O motorista de aplicativo Arthur Alberto, de 36 anos, por sua vez, reclama do asfalto da pista lateral da Avenida Presidente Vargas, desgastada principalmente pelo tráfego de ônibus que usam a via para acessar a Francisco Bicalho:

— Se não prestar atenção, não tem suspensão de carro que dure.

Compactação fora dos padrões
O trabalho da Coppe ressalta justamente que, na via analisada, a compactação do solo estava fora dos padrões esperados para suportar a passagem de veículos sem deterioração precoce. Além disso, a massa asfáltica nem sempre se encontrava na temperatura ideal para aplicação. As normas técnicas indicam que, entre o momento de fabricação em usinas especializadas e a colocação no solo, não devem se passar três horas, como admitiu a Seconserva em documento enviado ao TCM. No entanto, em algumas amostras, os técnicos descobriram que a espera chegou a sete horas.

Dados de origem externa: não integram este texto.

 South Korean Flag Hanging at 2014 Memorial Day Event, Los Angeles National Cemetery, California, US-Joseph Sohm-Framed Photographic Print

As conclusões tomaram como base amostras de dez pontos do pavimento que havia sido recém-recuperado no trecho da Rua Mário Ribeiro, entre as avenidas Bartolomeu Mitre e Visconde de Albuquerque, no sentido Barra da Tijuca. Por dia, a via recebe cerca de 68 mil veículos (nos dois sentidos). Uma das questões levantadas pelo estudo é a dificuldade de controlar a qualidade do serviço em ruas e avenidas com perfis e volumes de tráfego distintos.

“Em relação a efeitos e riscos, as principais consequências passíveis de ocorrer relacionadas à situação encontrada são: possível agravamento da degradação e do estado de conservação do pavimento, devido à execução da obra sem projeto e sem controle tecnológico adequados, e risco de danos à integridade física dos cidadãos usuários da via, tendo em vista a degradação precoce no pavimento”, diz um trecho do relatório.

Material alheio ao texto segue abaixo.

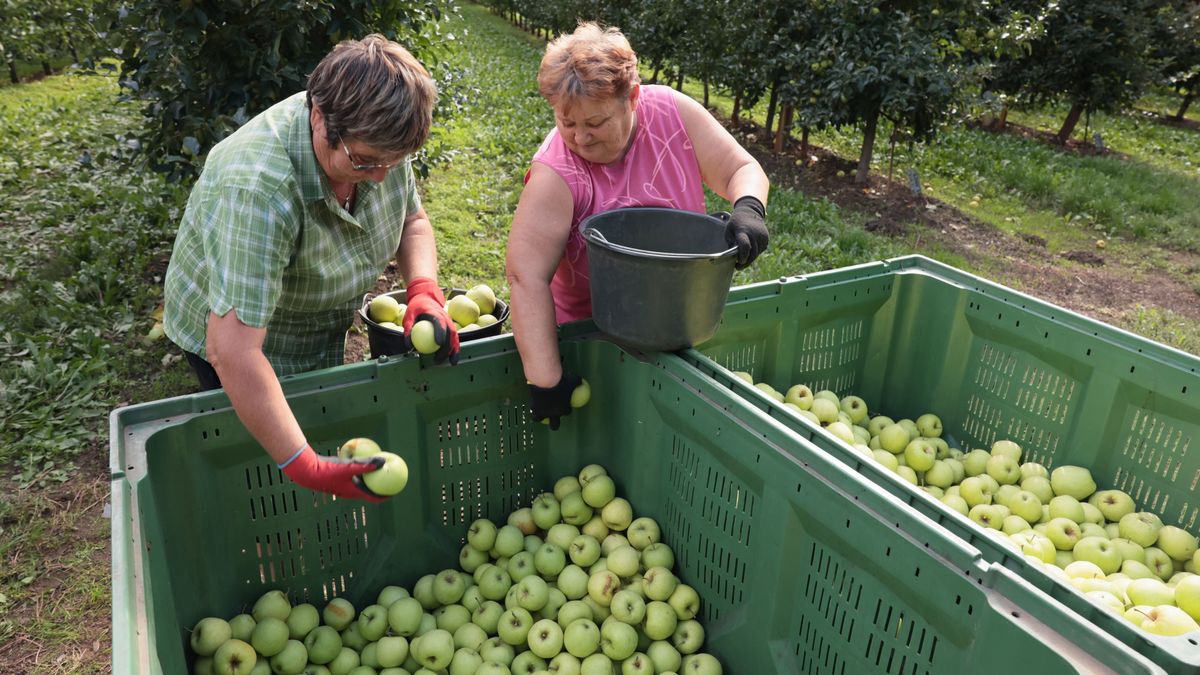 Hatalmas az érdeklődés – újraindul a kistermelőket segítő agrártámogatás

Os técnicos avaliaram que, apesar dos problemas, a empreiteira fazia ensaios próprios sobre a qualidade do material colocado, seguindo as normas de controle previstas. Em nota, a Dimensional Engenharia, que executa as obras, discordou das observações do TCM em relação à comparação dos serviços que executa hoje com intervenções mais antigas, feitas por outras empresas. “A Dimensional questiona a metodologia e a representatividade da amostragem analisada pelo relatório”, diz a nota. “Além disso, todo o processo de trabalho da empresa é checado por equipamentos laboratoriais de ponta, aferidos pelo Inmetro”, concluiu.

Relatório sob análise
Também por nota, a Seconserva informou que o relatório do TCM está sob análise da equipe da Coordenação de Tecnologia e Pavimentação “a fim de que os pontos da auditoria sejam respondidos e as oportunidades de melhoria sejam atendidas no que couber”. A secretaria acrescentou que supervisiona a execução dos serviços e que, após a inspeção do TCM, a Mário Ribeiro recebeu uma segunda camada de asfalto.

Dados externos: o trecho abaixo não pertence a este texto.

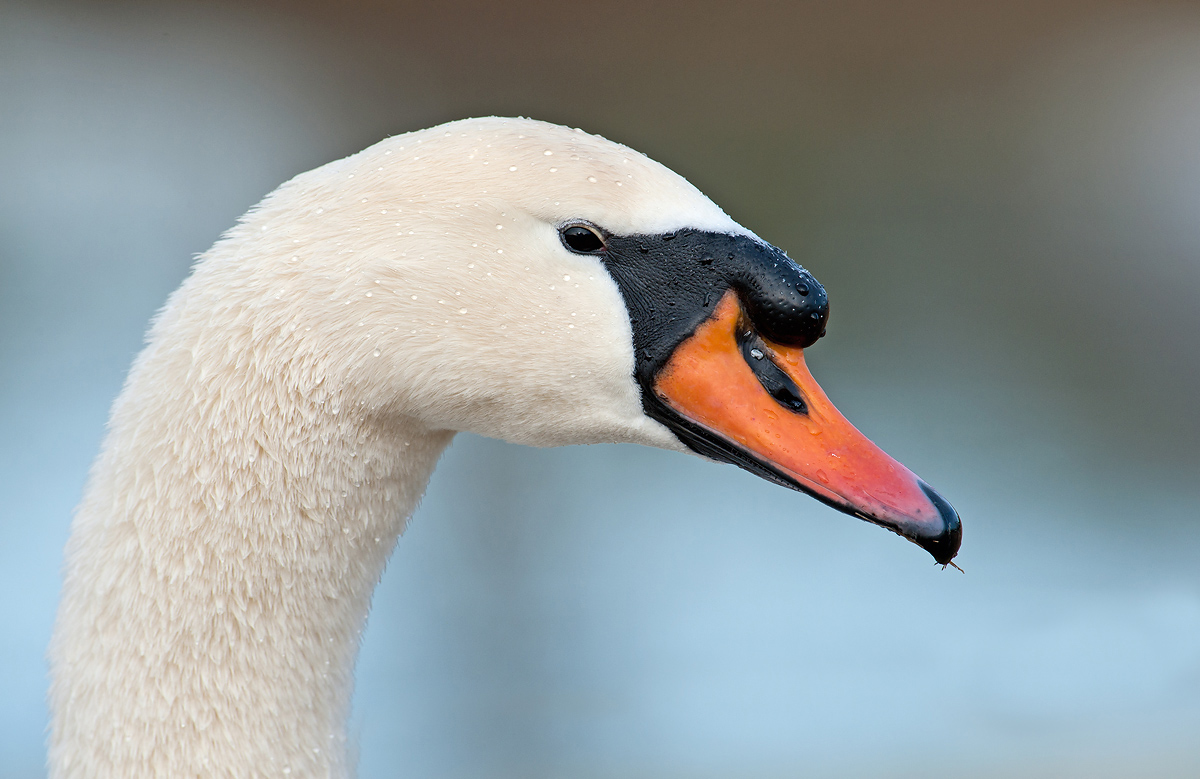 White Swam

Os problemas na qualidade dos serviços não surpreendem o engenheiro Luiz Carneiro de Oliveira, coordenador da Câmara Especializada de Engenharia Civil do Conselho Regional de Engenharia (Crea).

— Se o asfalto não dura como o esperado, é porque há falhas na fiscalização do contrato de execução das obras por parte da prefeitura. Um problema que temos visto é que, se o solo não for bem compactado, os defeitos logo tendem a aparecer, porque as vias não comportam o peso dos veículos — disse Luiz Carneiro.

O presidente do Instituto Brasileiro de Perícias de Engenharia (IBPE), Clémenceau Chiabi Saliba Júnior, observa que alguns cuidados devem ser tomados em especial na medição da temperatura da massa asfáltica antes da colocação no solo:

— O ideal é fazer medições da temperatura pouco antes da aplicação. E, caso os defeitos só sejam identificados tempos depois da execução da intervenção, é até difícil indicar um responsável pelo problema.

Em nota, a Dimensional Engenharia informou que é responsável apenas pela Rua Mário Ribeiro e questionou a metodologia e representatividade da amostragem analisada no relatório. A empresa ressaltou que, na conclusão do próprio TCM, o tribunal observa que a Dimensional segue os controles tecnológicos preconizados na norma, que a suposta não conformidade se aproxima dos limites da norma e que os ensaios realizados pela empresa atendem a norma. E empresa diz que não concorda com o diagnóstico da irrelevante “não-conformidade”. Além disso, todo o processo de trabalho da empresa é checado por equipamentos laboratoriais de ponta, aferidos pelo Inmetro.